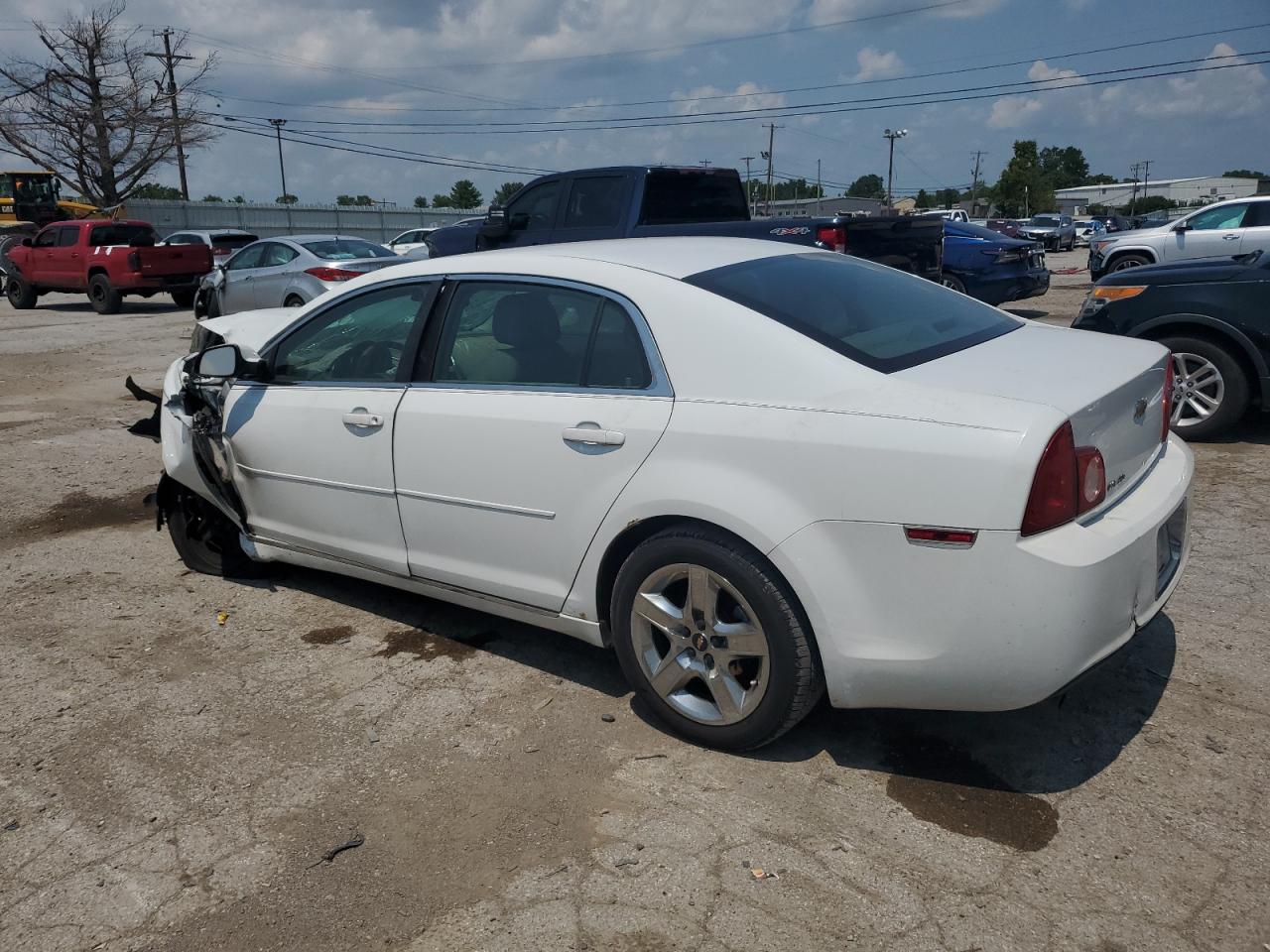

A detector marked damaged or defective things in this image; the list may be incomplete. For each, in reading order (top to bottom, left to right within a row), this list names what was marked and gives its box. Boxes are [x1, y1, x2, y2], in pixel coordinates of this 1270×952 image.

damaged white car [153, 238, 1194, 751]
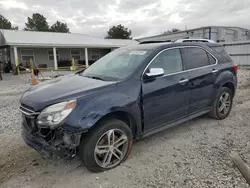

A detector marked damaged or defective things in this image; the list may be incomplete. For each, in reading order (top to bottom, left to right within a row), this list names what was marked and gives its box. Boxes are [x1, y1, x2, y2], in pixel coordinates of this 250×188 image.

damaged front end [19, 102, 82, 159]
front bumper damage [20, 113, 81, 160]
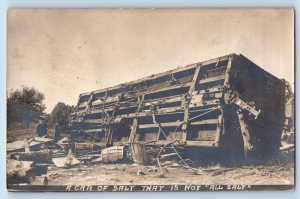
..............................
Task requirements
When you write out the material above, keep every line exact and drop each picture.

Solution for this task
A detector marked damaged or defective things in this image; the list may be incomplete. For each, in reading order (top to bottom, left to right within a row), this list names what was marked and gives its box. Boxes are [x1, y1, x2, y2], in pixel coordinates of this 1270×952 image.

damaged white car [153, 238, 1194, 751]

A detector marked damaged or defective things in this image; the list may be incomplete. For each, in reading order (top to bottom, left to right within a row), this list names what was marked and gives its box. Boxes are [x1, y1, x2, y2], in pixel coordinates of this 250×188 image.

damaged front end [19, 102, 82, 159]
front bumper damage [20, 113, 81, 160]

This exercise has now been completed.